Wednesday, 22 December 2010

"I should have died with gratitude and joy"

William Cowper, the poet, battled for the whole of his life with severe depression and mental breakdown. His despair was so severe that he came close to comitting suicide. He spoke of being struck with "such a dejection of spirits, as none but they who have felt the same, can have the least conception of. Day and night I was upon the rack, lying down in horror, and rising up in despair."

His condition became so bad that he was comitted to St. Albans Insane Assylum. In God's providence the doctor who tended him there was a Christian man. This doctor loved Cowper and continually held out hope to Cowper, despite Cowper's insistence that he was beyond hope. It is through the influence of this doctor that Cowper was converted, and found the gospel to be the thing that would sustain him through his ongoing depression, which he would battle with for the rest of his life.

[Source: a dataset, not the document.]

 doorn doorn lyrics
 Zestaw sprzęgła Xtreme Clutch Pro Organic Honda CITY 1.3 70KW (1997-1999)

Whilst staying at the assylum he opened a Bible and discovered Romans 3:25, "whom God put forward as a propitiation by his blood, to be received by faith. This was to show God’s righteousness, because in his divine forbearance he had passed over former sins." Here is how Cowper describes the moment:
Immediately I received the strength to believe it, and the full beams of the Sun of Righteousness shone upon me. I saw the sufficiency of the atonement He had made, my pardon sealed in His blood, and all the fullness and completeness of His justification. In a moment I believed, and received the gospel ... Whatever my friend Madan had said to me, long before, revived in all its clearness, with demonstration of the spirit and power. Unless the Almighty arm had been under me, I think I should have died with gratitude and joy. My eyes filled with tears, and my voice choked with transport; I could only look up to heaven in silent fear, overwhelmed with love and wonder.
(Gilbert Thomas, William Cowper and the Eighteenth Century, p. 132.)